TASK DIRECTIONS
Could the listing be repeated exactly, with every picture dropped?

DATASET EXTRACT
====================

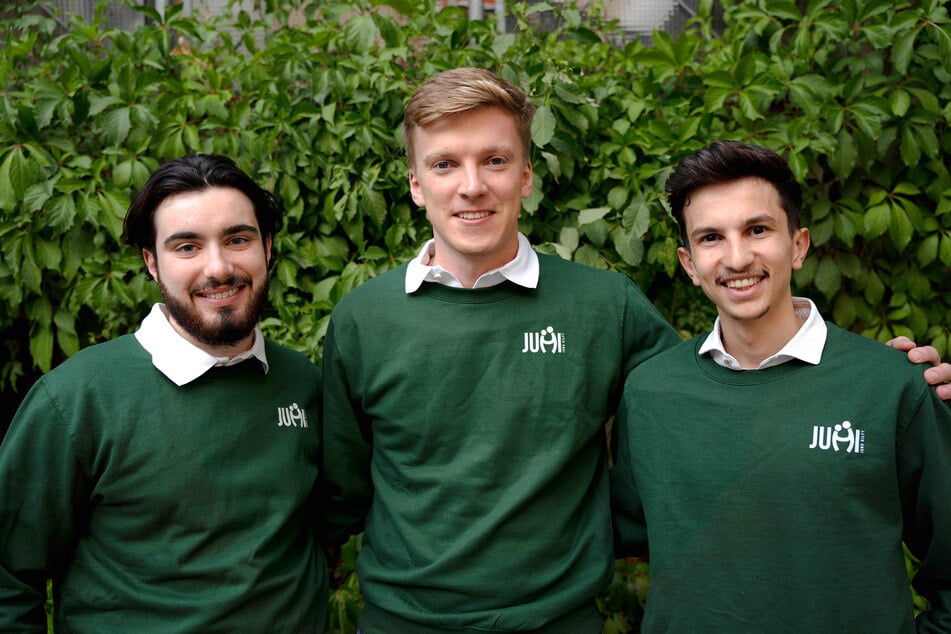 Burak Erkovan (v.l.), Jost Homrighausen und Ali Abderrahmane (26) haben das Start-up JUHI gegründet, das Senioren unterstützen soll.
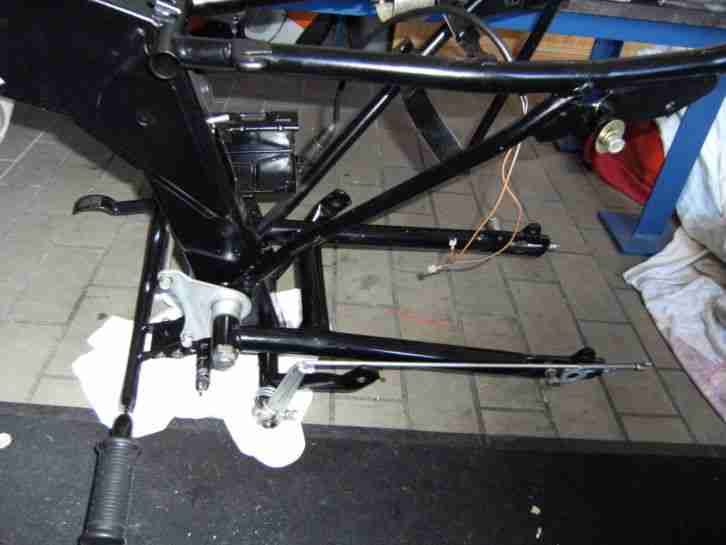 MZ ETZ 251 RAHMEN MIT ANBAUTEILE NEU MIT BRIEF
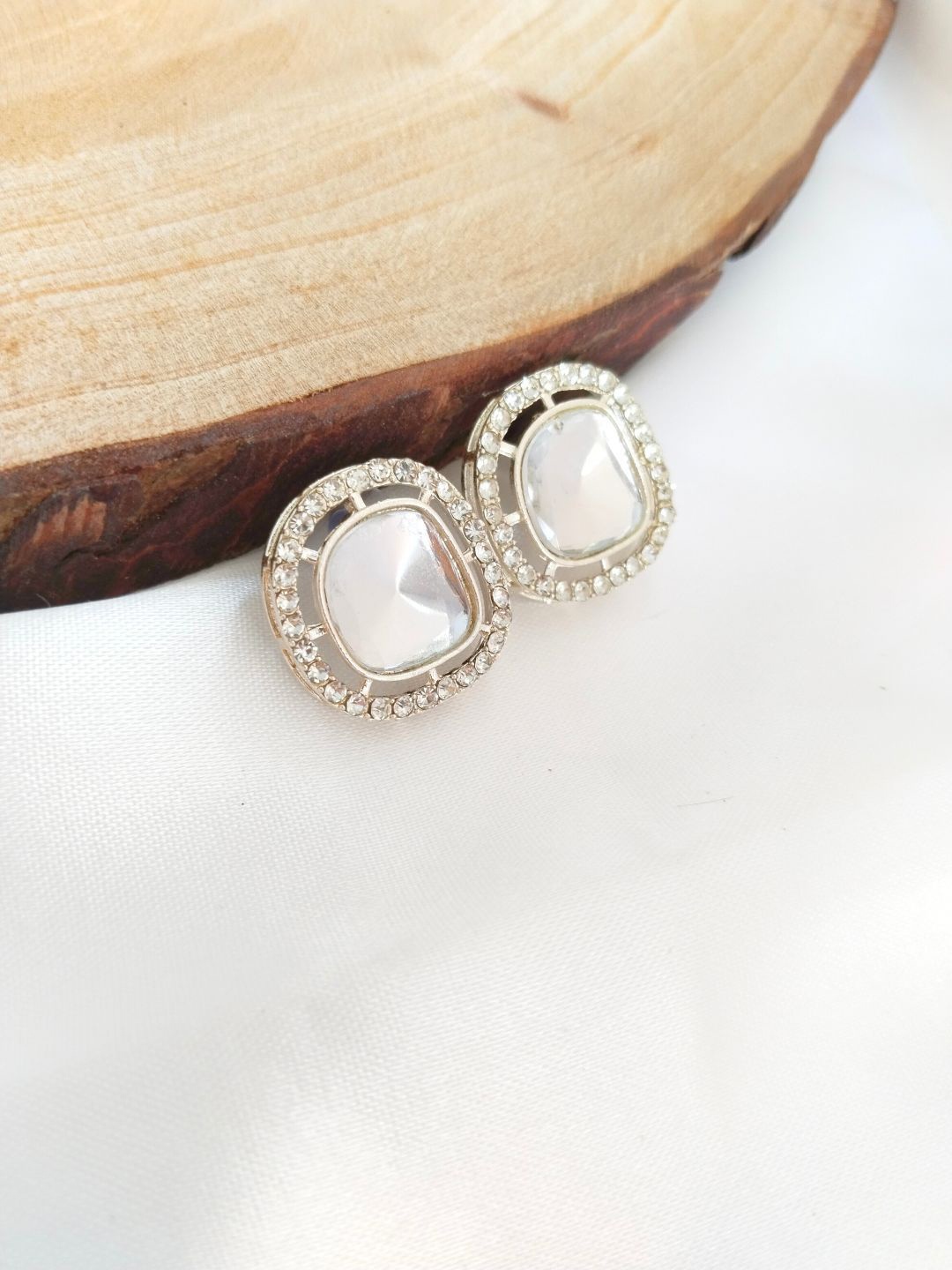 

Anouk White Gold-Plated Kundan Studded Contemporary Studs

====================

FINISHED TASK
 Burak Erkovan (v.l.), Jost Homrighausen und Ali Abderrahmane (26) haben das Start-up JUHI gegründet, das Senioren unterstützen soll.
 MZ ETZ 251 RAHMEN MIT ANBAUTEILE NEU MIT BRIEF

Anouk White Gold-Plated Kundan Studded Contemporary Studs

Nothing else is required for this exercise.